Flexures Keep This Printed Displacement Sensor In Line

When the job at hand is measuring something with micron-range precision, thoughts generally turn to a tool with a Mitutoyo or Starrett nameplate. But with a clever design and a little electronics know-how, it turns out you can 3D print a displacement sensor for measuring in the micron range for only about $10.

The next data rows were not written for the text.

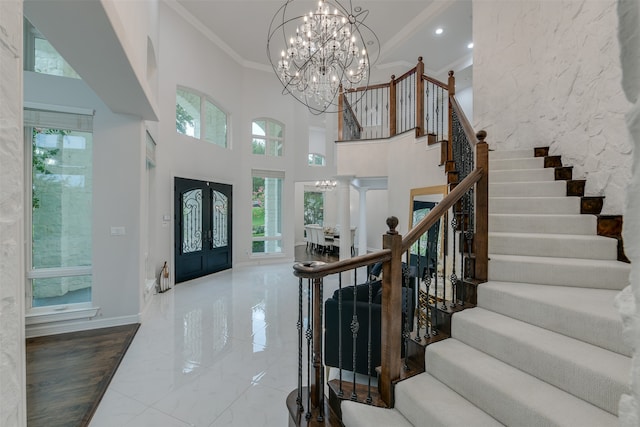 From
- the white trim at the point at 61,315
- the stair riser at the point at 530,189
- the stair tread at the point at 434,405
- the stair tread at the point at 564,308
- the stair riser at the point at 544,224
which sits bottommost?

While the tool that [BubsBuilds] came up with isn’t as compact as a dial indicator and probably won’t win any industrial design awards, that doesn’t detract from its usefulness. And unlike a dial indicator — at least the analog type — this sensor outputs an easily digitized signal. That comes courtesy of a simple opto-interrupter sensor, which measures the position of a fine blade within its field of view. The blade is attached to a flexure that constrains its movement to a single plane; the other end of the flexure has a steel ball acting as a stylus. In use, any displacement of the stylus results in more or less light being received by the phototransistor in the opto-interrupter; the greater the deflection, the less light and the lower the current through the transistor. In addition to the sensor itself, [Bub] printed a calibration jig that allows precision gauge blocks or simple feeler gauges to be inserted in front of the stylus. The voltage across the emitter resistor for these known displacements is then used to create a calibration curve.

[Bub] says he’s getting 5-micron repeatability with careful calibration and multiple measurements of each gauge block, which seems pretty impressive to us. If you don’t need the digital output, this compliant mechanism dial indicator might be helpful too.

Thanks to [Bub]’s friend [Ethan] for the tip.

4 thoughts on “Flexures Keep This Printed Displacement Sensor In Line

  1. I like.

    The used sensor( EE-SX1070 according to the website (Digikey USD4) has a linear range of approximately 1mm (graph @ 02:48). With a 10 bit ADC (don’t now how useful better ADC is) this translates to a resolution of 0.1mm. Ambient light such as Scott mentioned above may be a factor in the lower measured resolution / accuracy, but also the simple 3D printed black piece of plastic. It is probably not flat, and bends easily under load. This sensor / flexure combination really begs for a better measurement setup to show what it can do.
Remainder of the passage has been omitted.